Journal du conteur

De la crête basse où je suis monté…

De la crête basse où je suis monté, au loin dans la plaine j’aperçois une bande de nomades en mouvement. Quelques dizaines (une grosse centaine ?) de silhouettes longilignes et lentes en route, je le suppose, vers ces bosquets de noyers géants qui s’atteignent en deux ou trois jours et qui, en cette saison, couvrent le sol de leurs fruits très nutritifs et protéinés. À cette distance, je ne discerne pas leur équipement, nécessairement mince. On dirait qu’ils vont nus sur la terre, tranquilles comme un troupeau sans appréhension. Seules peut-être leur grande taille et la petitesse de leur tête laissent deviner que certains d’entre eux portent une lance. Plutôt pour la chasse ou pour la guerre ? Je ne le saurai probablement pas. Je les regarde passer, honteusement envieux, et triste. Envieux d’une liberté qui dédaignerait même le casse-noix que je pourrais leur offrir : à quoi bon le transporter, quand on trouve partout des pierres ; triste de savoir que la survie même de l’enfant malade que je fus implique un mode de vie beaucoup trop lourd pour être mobile — et peut-être même soutenable. Moi qui aime tant marcher, j’aurais pu être heureux parmi eux.

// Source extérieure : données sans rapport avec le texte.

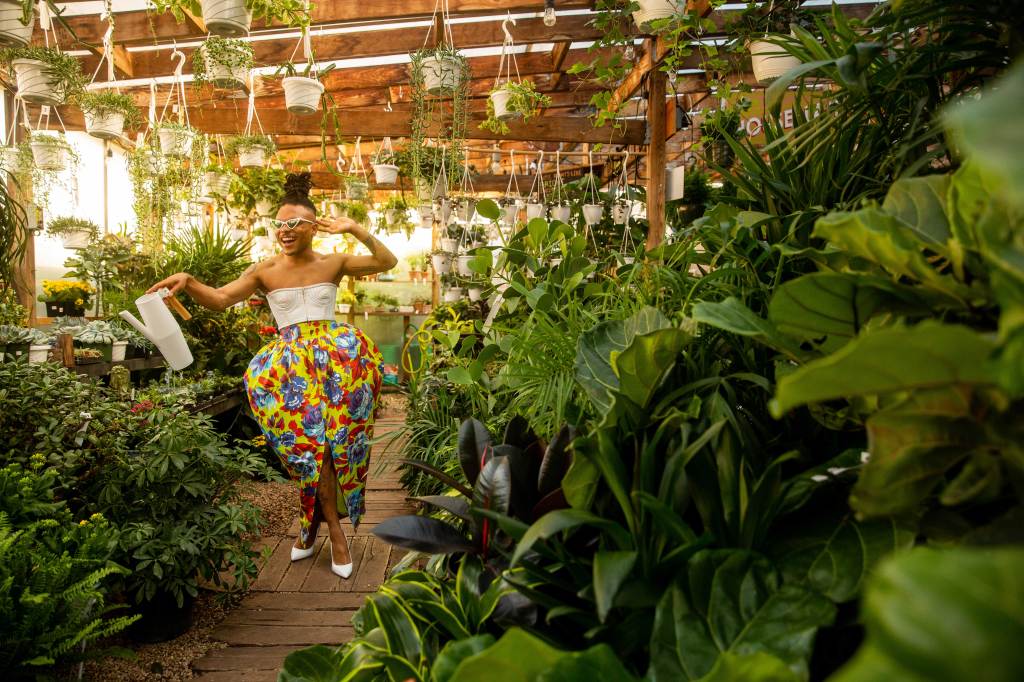 Your Houseplants Need a Spa Day—Here's How to Give Them One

Mais, à mon âge, la distance culturelle est infranchissable, et l’habitude une armure inamovible. Du moins, je me console et me résigne en le croyant.

Ils ont presque disparu de la surface de la terre, mais certains parmi nous, optimistes ou pessimistes, croient qu’un lointain avenir leur appartient. Les optimistes le souhaitent, les pessimistes le craignent.